La presión era
inigualable para Cathy Freeman. La atleta de 27 años era prácticamente la única
chance australiana de quedarse con una medalla de oro en atletismo en los
Juegos de Syndey, en 2000. Pero ella encarnaba algo más: era aborigen, y llevaba
su origen con orgullo. Espejo de una gran porción de la población que se
identificaba con ella como símbolo de superación, también representaba la unión
étnica de un país con una historia agitada. Pero esa idolatría no llegó sola.
Primero, encendió el pebetero olímpico, un privilegio que no suele recaer en
deportistas que tienen que participar de la competencia. Después, encaró el
ruido ensordecedor de las 112,524 personas que llenaron el estadio olímpico y
-enfundada en un tecnológico traje verde- completó la carrera de su vida para
lograr el oro en los 400 metros. El país se paralizó para presenciar ese
momento.
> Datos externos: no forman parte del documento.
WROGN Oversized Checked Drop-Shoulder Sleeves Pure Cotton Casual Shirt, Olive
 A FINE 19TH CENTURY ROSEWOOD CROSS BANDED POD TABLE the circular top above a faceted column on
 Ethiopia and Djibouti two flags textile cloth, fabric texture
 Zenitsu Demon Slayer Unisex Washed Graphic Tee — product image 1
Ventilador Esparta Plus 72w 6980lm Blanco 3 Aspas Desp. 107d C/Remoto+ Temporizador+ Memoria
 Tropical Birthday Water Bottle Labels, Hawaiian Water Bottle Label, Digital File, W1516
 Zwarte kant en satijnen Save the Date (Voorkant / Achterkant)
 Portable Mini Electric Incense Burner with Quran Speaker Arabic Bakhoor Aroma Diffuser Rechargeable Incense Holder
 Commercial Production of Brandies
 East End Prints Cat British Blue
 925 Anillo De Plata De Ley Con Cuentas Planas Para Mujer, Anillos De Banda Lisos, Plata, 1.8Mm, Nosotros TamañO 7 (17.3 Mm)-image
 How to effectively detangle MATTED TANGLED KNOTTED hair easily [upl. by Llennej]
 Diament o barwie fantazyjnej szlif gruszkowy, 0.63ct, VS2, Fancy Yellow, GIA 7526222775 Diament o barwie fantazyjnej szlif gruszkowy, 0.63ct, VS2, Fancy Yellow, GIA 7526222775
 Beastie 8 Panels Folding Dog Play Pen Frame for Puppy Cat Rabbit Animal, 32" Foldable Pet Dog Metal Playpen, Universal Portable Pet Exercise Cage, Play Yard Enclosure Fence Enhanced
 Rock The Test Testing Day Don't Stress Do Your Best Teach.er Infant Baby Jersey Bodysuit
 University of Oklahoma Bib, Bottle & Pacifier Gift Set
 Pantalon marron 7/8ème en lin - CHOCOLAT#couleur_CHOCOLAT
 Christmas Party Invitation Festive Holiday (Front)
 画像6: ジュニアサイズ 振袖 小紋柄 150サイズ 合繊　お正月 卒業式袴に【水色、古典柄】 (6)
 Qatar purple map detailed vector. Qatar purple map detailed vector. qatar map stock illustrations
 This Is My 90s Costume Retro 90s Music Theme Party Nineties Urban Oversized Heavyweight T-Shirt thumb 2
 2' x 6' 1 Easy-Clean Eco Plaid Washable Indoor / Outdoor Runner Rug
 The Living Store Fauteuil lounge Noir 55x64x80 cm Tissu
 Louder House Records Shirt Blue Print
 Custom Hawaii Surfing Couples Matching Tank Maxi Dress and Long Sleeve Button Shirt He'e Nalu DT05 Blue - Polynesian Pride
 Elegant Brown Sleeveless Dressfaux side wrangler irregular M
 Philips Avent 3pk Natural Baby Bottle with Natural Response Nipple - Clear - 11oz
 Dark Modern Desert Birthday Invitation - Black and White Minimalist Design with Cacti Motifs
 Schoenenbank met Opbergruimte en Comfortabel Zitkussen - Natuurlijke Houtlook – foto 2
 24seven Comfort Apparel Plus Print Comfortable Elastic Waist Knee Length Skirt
Al cruzar la meta, se dejó caer al suelo en una mezcla de emoción,
perplejidad y agotamiento. Los comentaristas de la TV australiana describieron
su triunfo con palabras que son legendarias en el país: "¡Qué leyenda!
¡Qué campeona! ...
¡Qué
alivio!". Su festejo, su sonrisa en la premiación y el griterío de la
gente que no cesaba en su ovación serán completamente imposibles de olvidar.